In Matthew’s gospel Joseph had four dreams. We heard one this morning where an angel tells him it was OK to take Mary as his wife because she was conceived by the Holy Spirit. Imagine Joseph sitting on the edge of his bed thinking about this puzzling situation. Maybe he remembered something his parents told him or what he may have heard in the synagogue about the prophecies of Isaiah.
He could have thought maybe Mary’s baby is the one who will bring about justice. Maybe Jesus is the one for whom John the Baptist prepared the way. Maybe Jesus is the savior that Isaiah hoped for when the earthly kings he admonished failed to trust in God and, instead, built alliances with powerful nations.

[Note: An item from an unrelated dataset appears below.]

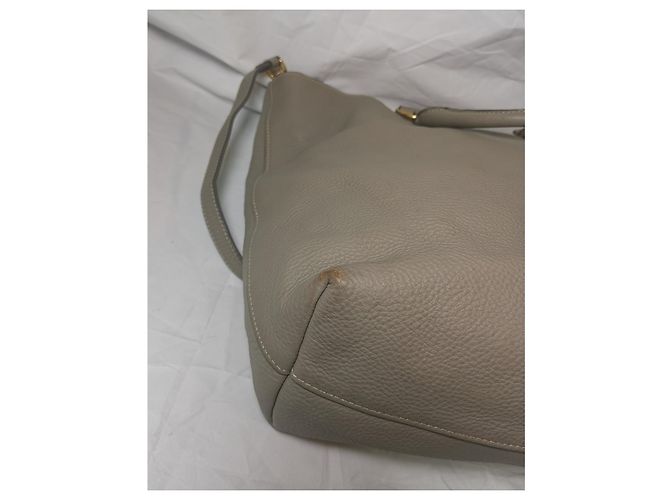 Prada Umhängetasche aus Leder Grau - Ansicht 7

Perhaps the evangelist Matthew and the apostle Paul also recalled the text from Isaiah and then said the same thing in their writings. The Rev. Beverly Bingle suggests that Matthew repeats Isaiah’s prophecy as if it were a 700-year old prediction of Jesus’s birth.
Time after time the Israelites waited for someone who would bring real peace and prosperity to them. Isaiah dreamt about such a leader. John the Baptist had a hunch that his cousin Jesus would be the One. A courageous Mary of Nazareth said yes to her surprising pregnancy and Joseph agreed to become her partner.
Time after time we, too, look for leaders to surface in our religions and in our governments. Take a moment to think of someone who had dreams and hopes for humanity. Dorothy Day dreamt of a time when all people would have jobs. Martin Luther King Jr dreamt of overcoming racism. Over 1.5 million children who are undocumented in our country are dreaming of the Dream Act becoming law.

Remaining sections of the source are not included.